The tribunal found that as paragraph 8, Schedule 8 applies only to "qualifying leaseholders" and to "cladding" that is "unsafe", it is clear that the scope of the paragraph was deliberately restricted in some ways. This deliberate narrowing made it clear that Parliament intended to leave "relevant defects" out of the equation.

Was the CPH Façade "Cladding"?

There is no definition of the term "cladding" provided in the BSA. This meant that whether the façade at CPH constituted "cladding" was subject to substantial judicial debate. The FTT relied on the Oxford Dictionary of Construction, Surveying and Civil Engineering alongside expert evidence and a site view to come to their conclusion that the façade at CPH was "cladding."
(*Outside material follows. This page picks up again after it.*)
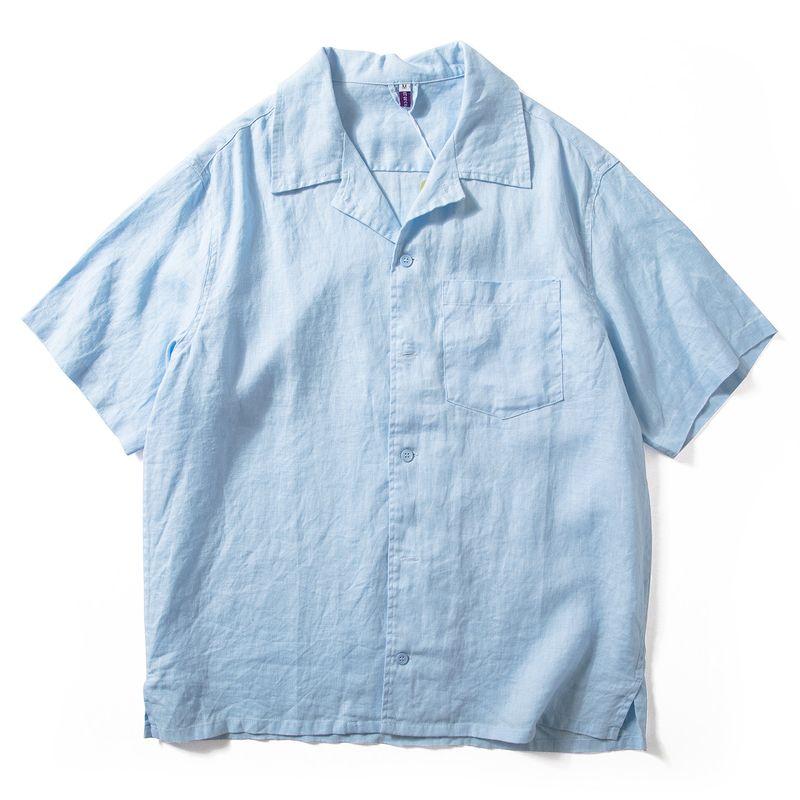 All-Linen Short-Sleeved Shirt for Men, New Summer Lightweight and Breathable Top, Japanese-Style Refreshing Loose Casual Half-Sleeved Shirt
The UT agreed with the FTT and found "no justification at all" to depart from the FTT's conclusion at first instance, noting that "the question of whether a building includes cladding is one of fact."

Was the Cladding "Unsafe"?

Almacantar argued that the word "unsafe" in paragraph 8, Schedule 8 should be read narrowly. Counsel for Almacantar argued that "unsafe" in paragraph 8, Schedule 8 should be limited to mean unsafe cladding proposing a fire risk, not general degradation or structural decay. They argued that, as the BSA had come into existence due to "historic problems which came to light following the Grenfell Tower fire", the BSA should be interpreted with that context in mind and so unsafe cladding should be interpreted as cladding which is defective as it poses a fire risk.

The UT rejected this argument and found that the word "unsafe" should be given its ordinary and natural meaning. It agreed with the FTT that there is no justification for narrowing the scope of paragraph 8, Schedule 8 since the words used were clear and unambiguous with no limitation included for fire risk. To impose such a limitation would go beyond the statute and undermine the policy aim that leaseholders should not shoulder the costs of remedying unsafe cladding of any kind.

Accordingly, the UT concluded that the façade at CPH amounted to unsafe cladding, even though the risk was not confined to fire safety. Therefore, the "qualifying leaseholders" of CPH were not required to pay the service charges in relation to the proposed works.

What This Decision Means Going Forward

This decision confirms that qualifying leaseholders, broadly those holding long leases of their only or principal home, will not be liable for the costs of remediating unsafe cladding. For landlords and freeholders, the ruling significantly restricts cost recovery through service charges and emphasises the need to carefully assess whether proposed works fall within the statutory definition of "cladding remediation" before seeking to recover costs.

The content of this article is intended to provide a general guide to the subject matter. Specialist advice should be sought about your specific circumstances.